Department of Mathematics, Imperial College London, London SW7 2AZ, UK.
Bioinformatics. 2020 Nov 1;36(17):4616-4625. doi: 10.1093/bioinformatics/btaa530.
Recent developments in technology have enabled researchers to collect multiple OMICS datasets for the same individuals. The conventional approach for understanding the relationships between the collected datasets and the complex trait of interest would be through the analysis of each OMIC dataset separately from the rest, or to test for associations between the OMICS datasets. In this work we show that integrating multiple OMICS datasets together, instead of analysing them separately, improves our understanding of their in-between relationships as well as the predictive accuracy for the tested trait. Several approaches have been proposed for the integration of heterogeneous and high-dimensional (p≫n) data, such as OMICS. The sparse variant of canonical correlation analysis (CCA) approach is a promising one that seeks to penalize the canonical variables for producing sparse latent variables while achieving maximal correlation between the datasets. Over the last years, a number of approaches for implementing sparse CCA (sCCA) have been proposed, where they differ on their objective functions, iterative algorithm for obtaining the sparse latent variables and make different assumptions about the original datasets.
Through a comparative study we have explored the performance of the conventional CCA proposed by Parkhomenko et al., penalized matrix decomposition CCA proposed by Witten and Tibshirani and its extension proposed by Suo et al.
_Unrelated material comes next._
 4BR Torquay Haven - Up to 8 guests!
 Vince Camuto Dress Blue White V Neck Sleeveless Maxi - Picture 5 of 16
The aforementioned methods were modified to allow for different penalty functions. Although sCCA is an unsupervised learning approach for understanding of the in-between relationships, we have twisted the problem as a supervised learning one and investigated how the computed latent variables can be used for predicting complex traits. The approaches were extended to allow for multiple (more than two) datasets where the trait was included as one of the input datasets. Both ways have shown improvement over conventional predictive models that include one or multiple datasets.
https://github.com/theorod93/sCCA.
Supplementary data are available at Bioinformatics online.
最近技术的发展使研究人员能够为同一批个体收集多个 OMICS 数据集。从其余数据集中分别分析每个 OMIC 数据集或测试 OMICS 数据集之间的关联,是理解收集的数据集与感兴趣的复杂特征之间关系的传统方法。在这项工作中,我们表明,将多个 OMICS 数据集整合在一起,而不是分别分析它们,可以提高我们对它们之间关系的理解,以及对测试特征的预测准确性。已经提出了几种用于整合异构和高维(p≫n)数据(例如 OMICS)的方法。正则化典型相关分析(CCA)方法的稀疏变体是一种很有前途的方法,它试图通过在数据集之间实现最大相关性的同时,对典型变量进行惩罚以产生稀疏潜在变量。在过去的几年中,已经提出了许多用于实现稀疏 CCA(sCCA)的方法,它们在目标函数、获得稀疏潜在变量的迭代算法以及对原始数据集的不同假设方面有所不同。
通过比较研究,我们探讨了 Parkhomenko 等人提出的常规 CCA、Witten 和 Tibshirani 提出的惩罚矩阵分解 CCA 及其 Suo 等人提出的扩展方法的性能。上述方法被修改为允许使用不同的惩罚函数。虽然 sCCA 是一种用于理解中间关系的无监督学习方法,但我们将问题扭曲为监督学习问题,并研究了计算出的潜在变量如何用于预测复杂特征。这些方法被扩展到允许有多个(超过两个)数据集,其中特征被包括在输入数据集中之一。这两种方法都比包括一个或多个数据集的常规预测模型有了改进。
https://github.com/theorod93/sCCA。
补充数据可在 Bioinformatics 在线获取。